Сюрприз оказался действительно неожиданным. Маленький кролик успел купить в рассрочку бурый диван, сразу и охотно занявший полкабинета, шкаф для костюмов, вытеснивший пустоту второй половины, и гипсовую фигуру, изображавшую римского воина, сушившего портянки.

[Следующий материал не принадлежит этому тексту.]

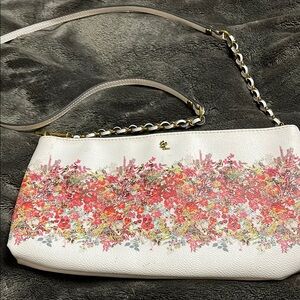 Elliott Lucca Red and White Crossbody Bag with Floral Design NWOT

– Александровской эпохи, – горделиво указал маленький кролик на диван, – по случаю. Тебе, может быть, не нравится?
– Нет. Ничего. Оригинальная эпоха, – грустно вздохнул Милобоев, – тогда, наверное, в манежах жили. Для нормальной комнаты такой диван немножко великоват.
– А какой воин! Ты посмотри на эти линии!
– Линии что надо, – еще раз вздохнул Милобоев и с тихой ненавистью посмотрел на гипсовую портянку, загораживающую свободный проход к столу. – Его нельзя в уборную поставить?
– Ставь, – сразу обиделся маленький кролик. – Если ты желаешь жить в пустом сарае – мне все равно. Твой дядя тоже дикарем был, хоть и инженер.
– Хорошо, – грустно сказал Милобоев, – мне все нравится. И шкаф нравится. И то, что он большой, – хорошо. Я буду в нем проводить выходные дни.
После этого маленький кролик проплакал от девяти до одиннадцати. Надо было мириться, и Милобоев произнес с бледной улыбкой:
– Может, второй ковер повесим у меня?
– Да, – сквозь бывшие слезы уронил кролик, – слева. А около окон – тумбочки. Березового оттенка. Я уже купил.
Милобоев посмотрел на кроликову ногу в сером чулке и согласился на тумбочки.
За тумбочками в комнату въехало трюмо. Оно было тоже какой-то эпохи, потому что закрыло вентилятор и половину окна.
– На, получай, неблагодарный, – через несколько дней трогательно прошепелявил кролик, пыхтя с чем-то плоским, завернутым в газету. – Все только для тебя и для тебя.
Это была картина в золотой раме. В лесу стоит олень и близоруко смотрит на корягу. Милобоеву сразу захотелось надеть оленю пенсне и выгнать его из комнаты вместе с рамой, но пришлось повесить на стену. Через полмесяца к оленю прибавился визави – серый голландец, ковырявший в дупле глиняной трубкой. От голландца было скучно, как от йодоформа в больнице, но повесили и его. Вслед за голландцем в комнату мелким победителем въехала люстра с дикарскими висюльками, два затоптанных кресла, опрокидывавших человека на спину, а на стене угнездилось восемь увесистых тарелок, на каких пригородные купцы в свое время ели пироги с изюмом.